MATTHEWS:  I know.  He said it to me.


MATTHEWS:  He said it to me.  I heard it.


TOOMEY:  You know, the thing with...

MATTHEWS:  You‘re against the progressive income tax.

TOOMEY:  I much prefer...

MATTHEWS:  So you‘re the radical here.  You‘re the one that wants change.

TOOMEY:  Well, you check with the American people.  You‘ll find there are a lot of radicals.  There are a lot of people that think a flat income tax with a generous personal exemption is a very good arrangement.  The more you make, the more you pay, but at a flat rate.  That‘s considered pretty reasonable by most.  And let me say something about this—the fact that Barack Obama‘s tax plan...

MATTHEWS:  You think we should get rid of Social Security?

TOOMEY:  No, absolutely not.

MATTHEWS:  No, no.  You say it—you say it with hesitance.

TOOMEY:  Well, I don‘t know what hesitance you‘re perceiving.  I...

MATTHEWS:  Do you like the Social Security system?

TOOMEY:  I think we need to have a Social Security system.  I would change the way it‘s structured, change it...

MATTHEWS:  Would you go to private personal accounts?

TOOMEY:  Yes, I would.

MATTHEWS:  Do you think personal accounts would have weathered this storm on the market very well the last couple months?

TOOMEY:  Well, first of all, Chris, personal accounts ought to have a big fixed income component, treasuries and cash and...


MATTHEWS:  ... equities, we would have been—people...

TOOMEY:  Chris...

MATTHEWS:  Retirees would have been going crazy the last couple months.

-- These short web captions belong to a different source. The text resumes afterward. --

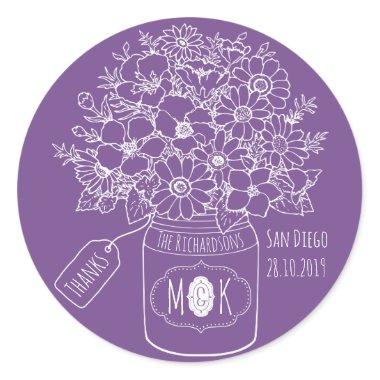Thank You Monogram Wildflowers Bouquet Mason Jar Classic Round Sticker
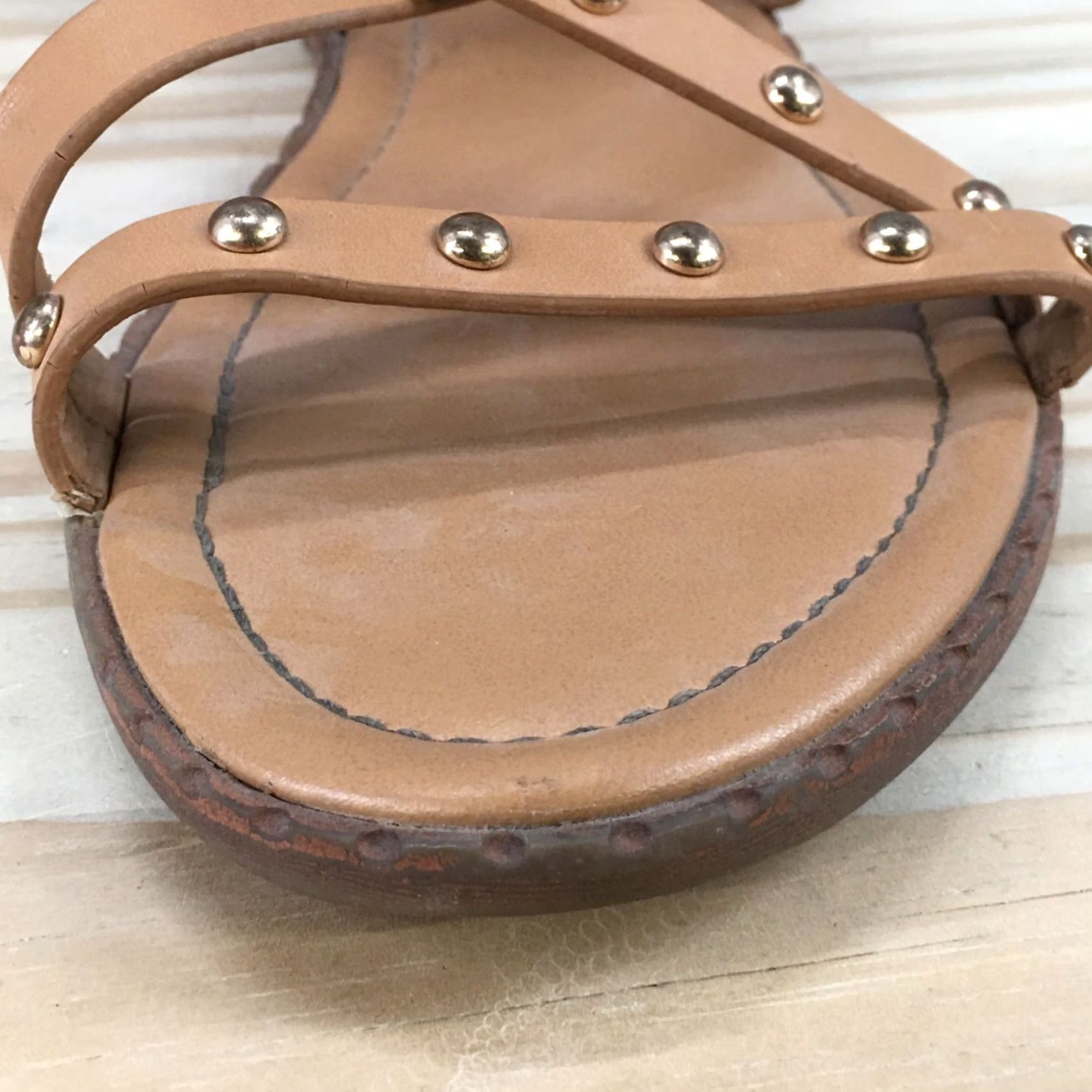 Vintage Maurices Sandals Womens 8 Harley Gladiator Brown Faux Leather Studded Flats Size US 8 / IT 38 - 4 Thumbnail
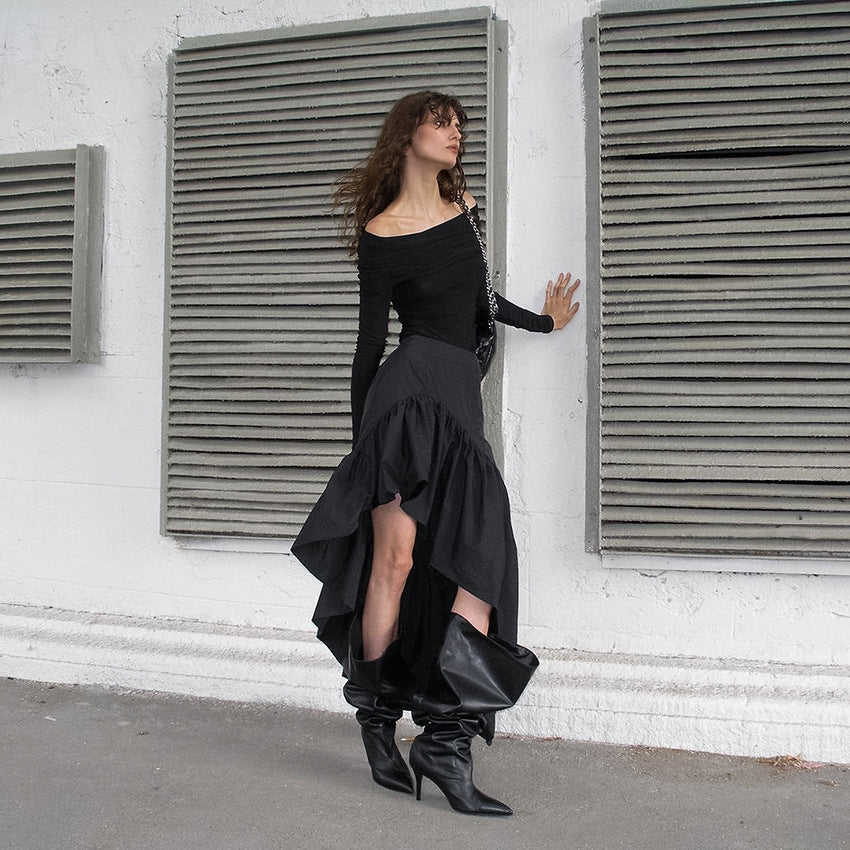 High Waist Flounced Cotton Skirt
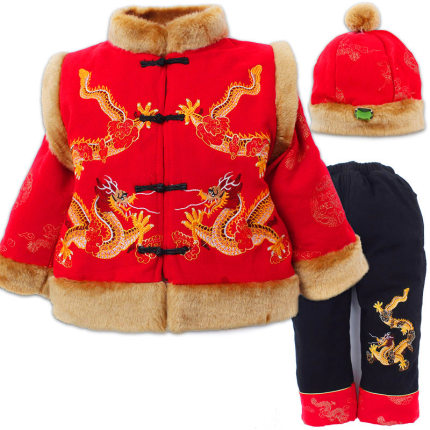 儿童唐装冬装男童加厚棉服1-2-3岁宝宝套装棉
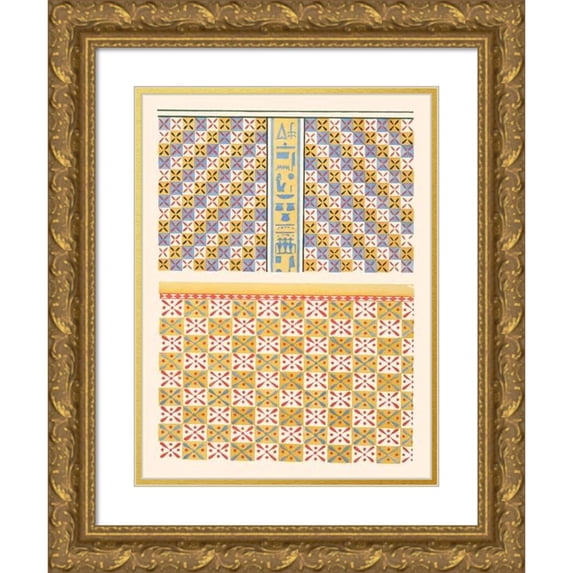 Gustave Jéquier 14x18 Gold Ornate Wood Frame and Double Matted Museum Art Print Titled - 13. Ceiling of the Tomb of Anna (N 81), 14. Ceiling of the Tomb of Menkheper (N 79) (1911)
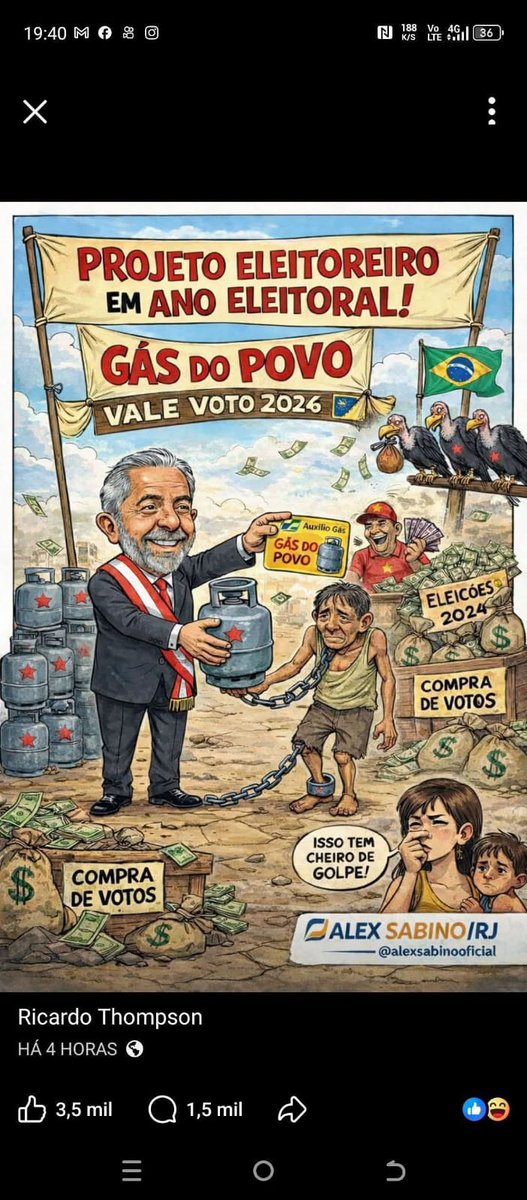 É isso que ele faz com o povo, escraviza o povo com projetos sociais.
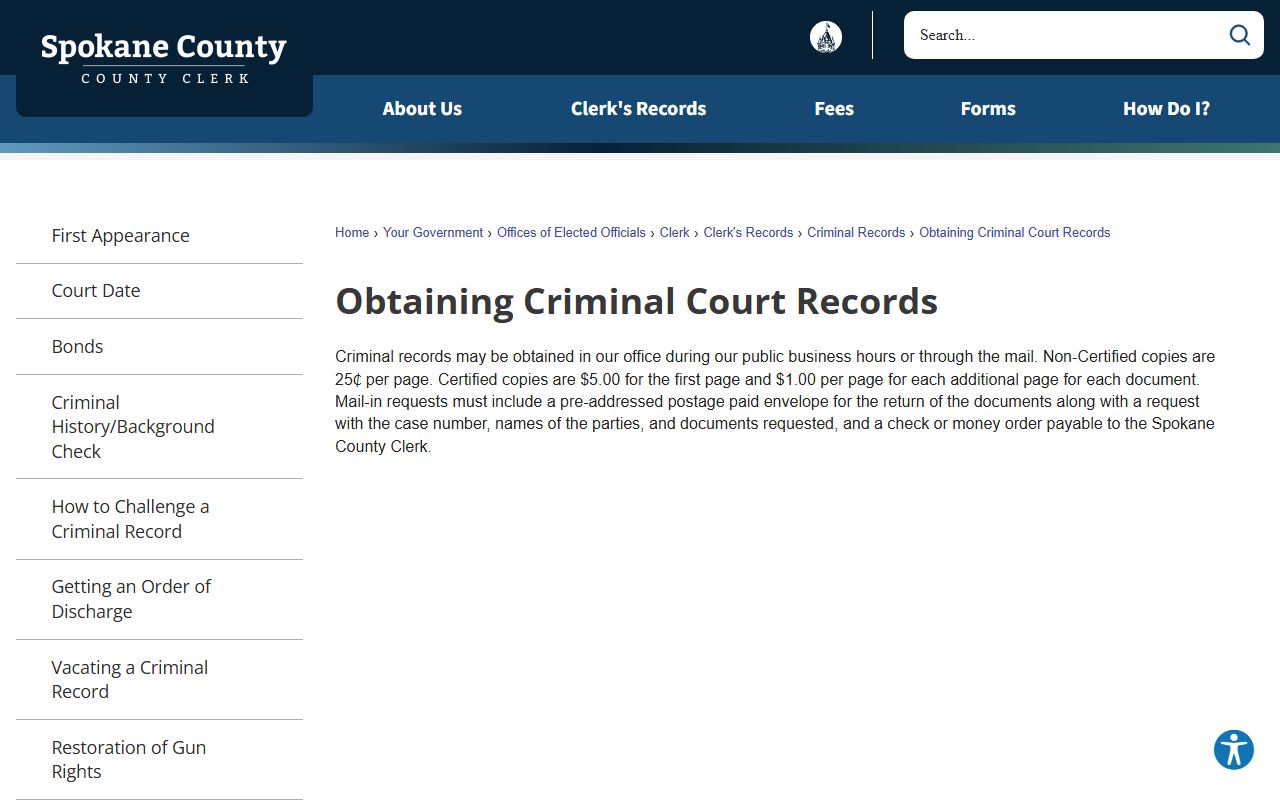 Spokane County criminal records request page at the Clerk of the Superior Court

TOOMEY:  Chris, this assumes that retirees would be sitting on all equities.  Why would you make that assumption?

MATTHEWS:  Because...

TOOMEY:  They wouldn‘t be.


TOOMEY:  You would scale it into a much more risk-averse...


MATTHEWS:  ... stocks is to get a higher income.

TOOMEY:  At a young age, sure, but as you got older...


MATTHEWS:  You guys—the luckiest break you guys ever got on your side of this political fight is you failed to get to personal accounts through before this storm hit.  Look at Chaka laughing.  Look at the—because he—what would have happened if we had personal accounts during this hell—when this hell broke loose on the market?

FATTAH:  Look, I met with some money managers yesterday who‘ve seen their accounts, billions of dollars in accounts that they‘re holding for college endowments and others, that have dropped 40-plus percent in this market.  Now, we had a little rebound today, and that‘s great. But the underlying problem in this economy is that George Bush has doubled the national debt.  When George Bush came into office—and Congressman Toomey was there then, and I was there—the discussion in the Congress by Alan Greenspan was the fact that we could pay off the entire national debt over the term of this president.  We had a projected surplus of $5.6 trillion.


FATTAH:  We wasted that, Chris.  We wasted it.

MATTHEWS:  OK.  Well, this is a good battle.  We‘ve had a serious discussion tonight.  I appreciate it, Congressman Chaka Fattah of Pennsylvania, former congressman Pat Toomey, who may well be a leader in Pennsylvania in the days and, well, years ahead. Coming up: It‘s the final week of the campaign and both candidates are making their closing arguments.  What are we learning about what they‘d be like as president?  Let‘s get to the substance?  What are we hearing now?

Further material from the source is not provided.